患者取左侧卧位,双腿微屈,头稍后仰,松开领口及腰带。放置牙垫,防止患者咬损内镜。操作医师位于患者右侧,助手在其身旁协助。检查室内需配备必要的急救设备和药品。

(二)检查中操作

1.插镜与循腔进镜:

操作医师手持胃镜,经牙垫缓慢将镜身送入患者口腔,嘱患者做吞咽动作,顺势将内镜轻柔地插入食管。进镜过程中,始终保持视野清晰,循腔进镜,避免盲目滑行,密切观察食管黏膜情况。

2.系统观察:

*食管:依次观察食管上段、中段、下段,注意黏膜色泽、蠕动、有无糜烂、溃疡、新生物、静脉曲张等。抵达贲门,观察齿状线形态及位置。

*胃底与贲门:进入胃内后,首先充气使胃腔扩张,观察胃底黏膜、有无静脉曲张、溃疡、新生物。翻转镜身,观察贲门及胃底穹窿部。

*胃体:顺时针或逆时针旋转镜身,依次观察胃体前壁、大弯、后壁、小弯,注意黏膜皱襞、色泽、分泌物情况。

*胃角:仔细观察胃角形态,此处是溃疡和肿瘤的好发部位。

*胃窦:观察胃窦部四壁黏膜,注意蠕动情况。将内镜退至胃窦体交界部,准备进入十二指肠。

*十二指肠球部与降部:待幽门开放时,轻柔将内镜送入十二指肠球部,观察球部黏膜。然后继续进镜至十二指肠降部,观察乳头及降部黏膜,必要时可观察水平部起始段。

3.重点观察与操作:

对于发现的可疑病变(如溃疡、息肉、糜烂、出血点、新生物等),需进行重点观察,可通过调整内镜角度、充气/吸气、变换患者体位等方式获得最佳视野。必要时,进行以下操作:

*活检:使用活检钳在病变部位取组织标本,送病理检查。活检时注意避开血管,深凿活检或多部位活检需警惕出血风险。

*染色与放大:对于微小病变或需明确边界的病变,可采用黏膜染色(如靛胭脂、美蓝)及放大内镜技术,提高诊断准确率。

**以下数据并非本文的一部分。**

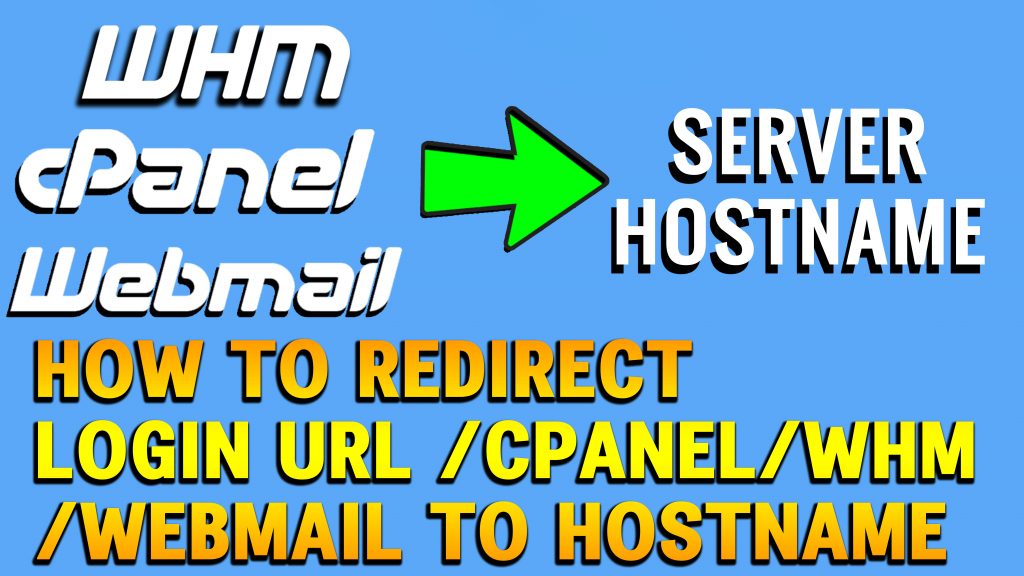 How to Redirect /cpanel/whm/webmail to the Server Hostname with or without SSL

*摄影/录像:对正常解剖部位及病变部位进行摄影或录像存档,作为诊断依据和资料保存。

*治疗性操作:如发现息肉可行氩离子凝固术(APC)或高频电切除术;对出血病灶可行电凝、止血夹、注射等止血治疗;对狭窄部位可行扩张等。

4.退镜:

完成全部观察和操作后,边退镜边再次仔细观察各部位,防止遗漏。退镜过程中尽量吸出胃内气体,以减轻患者术后腹胀不适。

(三)检查后注意事项

1.复苏与观察:

*常规胃镜检查后,患者咽喉部麻醉作用尚未完全消退,需待1-2小时后麻醉作用消失方可进食、饮水,以免发生呛咳或误吸。

*无痛胃镜检查后,患者需在复苏室观察至清醒,生命体征平稳后方可由家属陪同离开。24小时内不得驾驶机动车、进行高空作业或操作精密仪器。

2.饮食与活动:

检查后如无特殊情况,可逐渐恢复正常饮食。若进行了活检或治疗性操作,应根据具体情况遵医嘱进食(如温凉流质、半流质饮食),并适当休息,避免剧烈活动。

3.并发症观察与处理:

告知患者及家属检查后可能出现的轻微不适(如咽喉部疼痛、腹胀),一般可自行缓解。密切观察有无剧烈腹痛、呕血、黑便、发热等并发症征象,如有异常,应立即就医。